How do I solve this root integral with reduction formulae?

[nhrock3]

\intop_{-\pi/2}^{+\pi/2}\sqrt{(144sin^2t+6)cos^2t}dt
how to approach it?

 

[Mark44]

\intop_{-\pi/2}^{+\pi/2}\sqrt{(144sin^2t+6)cos^2t}dt
how to approach it?

Rewrite your integral as
\int_{-\pi/2}^{+\pi/2}\sqrt{144sin^2t+6}~~cos(t)dt

On the interval of your integration limits, sqrt(cos²(t)) = +cos(t).

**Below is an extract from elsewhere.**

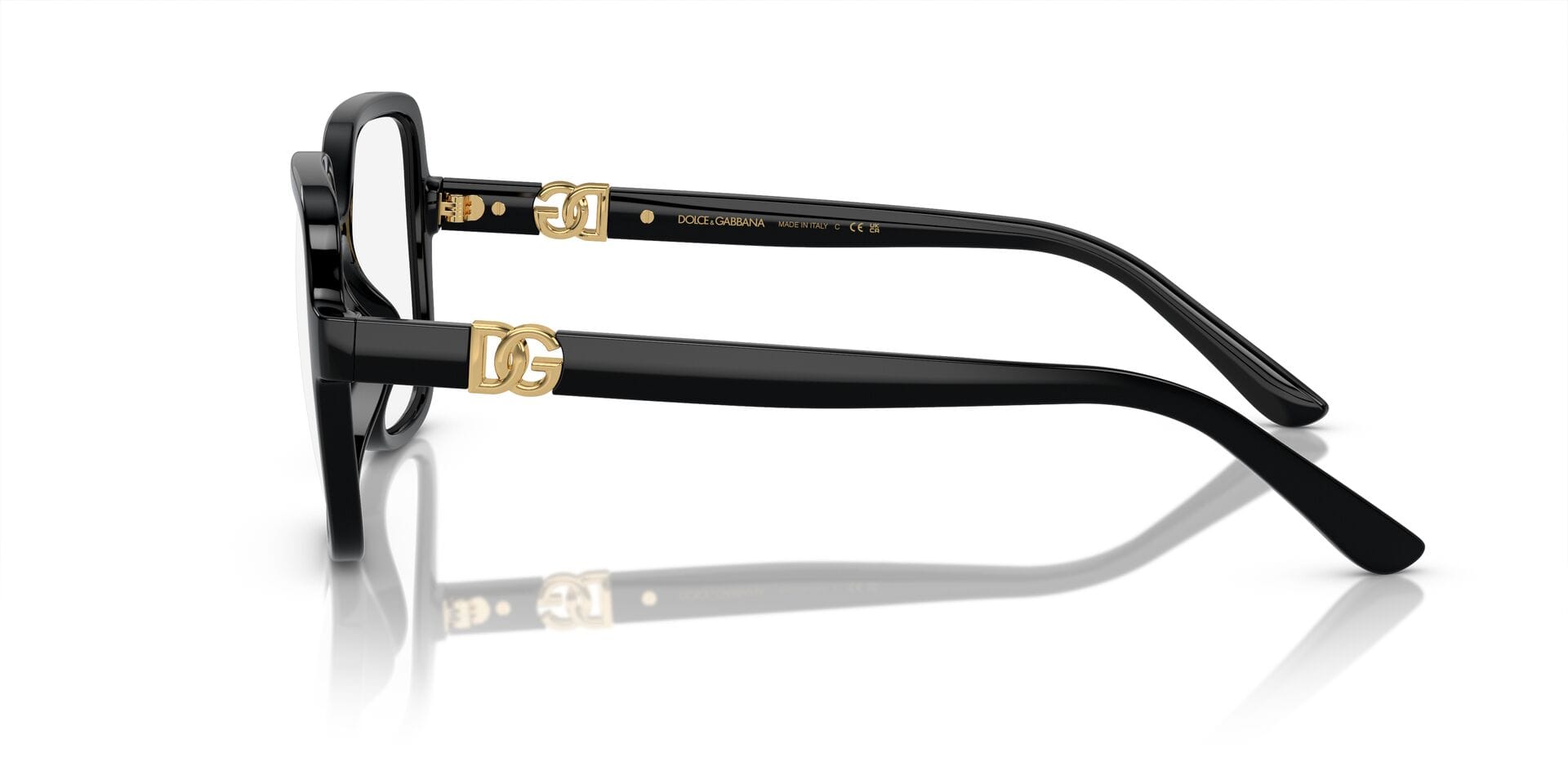 Dolce & Gabbana 0DG5105U Frame Black Female Full Shell Frame — Black frame — view 8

Now you can use a simple substitution, u = sin(t). Then a trig substitution can be used.

 

[nhrock3]

ok i got
\int_{-1}^{1}\sqrt{144k^2+6}~~dk
\sqrt{6}\int_{-1}^{1}\sqrt{\frac{144}{6}k^2+1}~~dk
now i putk=\frac{\sqrt{6}}{12}tanz
dk=\frac{\sqrt{6}}{12}\frac{1}{cos^2z}dz
and after a manipulation i have
\int_{-1}^{1}\frac{\sqrt{6}}{12}\frac{1}{cos^3z}dz
what do to now i am stuck

 

[Mark44]

1/cos³(z) = sec³(k).

Your textbook probably shows an example of this integral.

 

[nhrock3]

un fortunatly i don't have such integral
it doesn't change much
sec x=1/(cos x)
how to approach it?

 

[dextercioby]

\int \frac{dx}{\cos^3 x} = \int \frac{d(\sin x)}{(1-\sin^2 x)^2} = ...

 

[Mark44]

un fortunatly i don't have such integral
it doesn't change much
sec x=1/(cos x)
how to approach it?

There's even a Wikipedia topic about it - http://en.wikipedia.org/wiki/Integral_of_secant_cubed

 

[HallsofIvy]

More generally, if you have either sine or cosine to an odd power, you can factor out one to go with the "dx" and change the rest to the other function:

\int sin^3(x)dx= \int (sin^2(x))(sins(x) dx)= \int (1- cos^2(x))(sin(x)dx)

Now let u= cos(x), so that du= -sin(x)dx and the integral becomes
-\int (1- u^2)du

Similarly,
\int \frac{dx}{cos^3(x)}= \int \frac{cos(x)dx}{cos^2(x)}= \int\frac{cos(x)dx}{1- sin^2(x)}
And, letting u= sin(x), so that du= cos(x)dx,
\int \frac{du}{1- u^2}
which can be integrated by "partial fractions".

 

[nhrock3]

what if i have even power?

 

[hunt_mat]

There is a wikipedia page all about the integrals on this stuff. Also have a look at reduction formulae and this will give you a good idea on what to do.

If I recall correctly though a poster did a huge post about this on your previous post which had exactly the same integral as you did here...